S’ils peuvent s’accorder sur l’importance de choisir un doigté efficace, dès que les doigts se posent sur les touches, pianiste jazz et pianiste classique suivent des chemins différents. L’héritage d’un long apprentissage et d’un style de musique différent entraîne des effets neurologiques distincts.

À la base, pour un pianiste de jazz, l’issue d’une bonne éducation musicale est d’être apte à improviser et à adapter sa technique immédiatement : doigté, sens métrique, rythme. Le support harmonique étant sa source du développement technique et de son inventivité, le pianiste de jazz est prompte à changer l’ordre des notes et à glisser quelques harmonies étrangères ou de substitutions. Cette flexibilité est sa grande force. Face à de l’imprévu, il est capable de planifier l’approche du morceau en réorganisant sa pensée, et cela, avec plus d’efficacité que le pianiste classique.

Le pianiste classique, à cause du crédit accordé aux écritures, se concentre sur le respect de la partition, ce qui détermine une « foi » pour tout ce qui concerne la perfection, le respect et la maîtrise technique du jeu instrumental. L'expression personnelle qu'il ajoute à l’œuvre est la seule liberté qu’il s’autorise. La vision globale du jeu est plus analytique, notamment en abordant l’aspect des traits techniques et le doigté. Théoriquement, la pratique d’un « doigté intelligent » permet au pianiste de formation classique de trouver une solution plus efficace quand le doigté recommandé semble peu académique ou absent.

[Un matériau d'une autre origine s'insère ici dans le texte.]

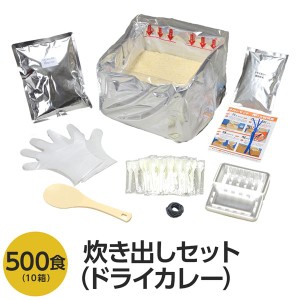 〔尾西食品〕 アルファ米炊出しセット 〔ドライカレー500食分〕 常温保存 日本製 〔非常食 保存食 企業備蓄 防災用品〕〔代引不可〕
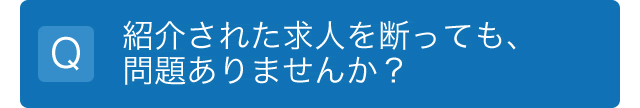 紹介された求人を断っても、問題ありませんか？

Autre fait marquant, le comportement physique face à l’exécution. Généralement introverti, le pianiste classique décrit des mouvements précis dans son jeu en épousant l’écriture et la personnalité de l’œuvre, alors que le jeu physique du pianiste de jazz, plus extraverti, doit anticiper et rebondir en fonction de la structure de la grille, des échanges - s’il joue avec d’autres musiciens - et de la vitalité de ses improvisations. Cette simple observation, certes simpliste, tend à démontrer que le style musical et ses exigences se traduisent aussi par un rapport différent avec l’instrument.

Dans l’étude conduite par l’Institut Max Planck, la scientifique Daniela Sammler précise que lors de l’interprétation fidèle d’une pièce classique ou durant une improvisation d’un thème musical de jazz au piano, différentes procédures relativement spécifiques s’établissent dans le cerveau, ce qui rend le passage d’un style à l’autre plus difficile, et que pour avoir une vision plus juste, il est nécessaire de rechercher le plus petit dénominateur commun de plusieurs genres de musique.